L’épisode raconterait donc dans quelles circonstances Jésus
a décidé de fermer le livre et d’aller à la rencontre
de l’humanité souffrante. 2000 ans après J-C, nous faisons
encore mémoire de Lui, de son enracinement dans la tradition judaïque
et de son incroyable liberté, de ses enseignements et surtout de sa
présence vivante. Car, plus que l’Écriture, c’est
Lui qui nous rassemble.
Les plus anciens de cette communauté venaient dans ce lieu, il y a 40 ans, pour la prédication dominicaine.

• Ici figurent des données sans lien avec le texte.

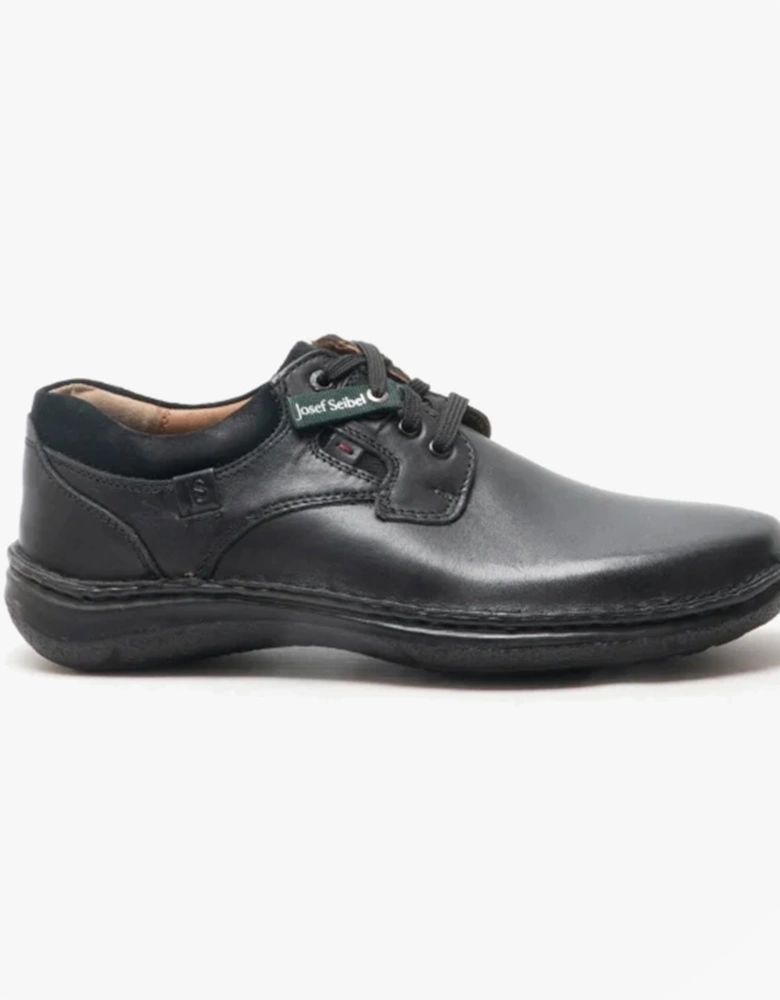 ANVERS Mens Shoes Black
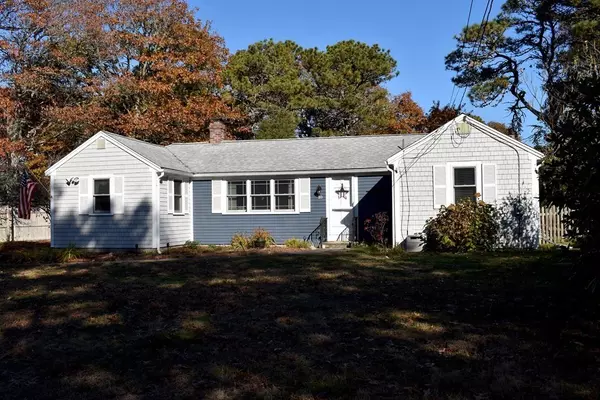 Yarmouth, MA 02673,10 Wisteria Rd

Il se disait ici une parole qui n’était ni moralisante, ni impérative, qui faisait appel à l’intelligence et qui respectait le cheminement et la tradition chrétienne de chacun. Au fil des années, une parole qui dit de mieux en mieux que Dieu s’est incarné, que l’Évangile parle du mystère de Dieu mais surtout de la grandeur de notre condition humaine, que l’Évangile est surtout le récit de rencontres qui font surgir la vie.
Aujourd’hui, il me semble que nous en sommes à tenter de créer
par la musique, la poésie… et le silence, l'espace intérieur
et les conditions pour qu'on sente Jésus assis au milieu de nous, livre
fermé, et que nous atteigne ce murmure qui dirait à chacun : l'Esprit
est sur toi, le Seigneur t'a envoyé. À chacune et chacun
de nous, dans sa liberté, de repérer l’aveugle et l’opprimé,
d’accomplir le miracle de regarder l’autre avec les yeux de Jésus.
Cette façon de faire communauté, c’est un pari d’Église : la liberté, l’intelligence, l’intériorité… au risque de la stérilité. Parmi les communautés chrétiennes, il en est des contemplatives ou des prosélytes, des traditionnelles ou des militantes. Elles sont toutes nécessaires, toutes membres du Corps du Christ. Aucune d’entre elles ne devrait s’y percevoir comme le ‘petit doigt’ qui connaît plus et comprend mieux.
Pour les communautés chrétiennes, et pour la nôtre, aujourd’hui comme du temps de Paul et Luc, garder Jésus vivant, c’est annoncer son Évangile et c’est, surtout, avec Lui, continuer de l’accomplir.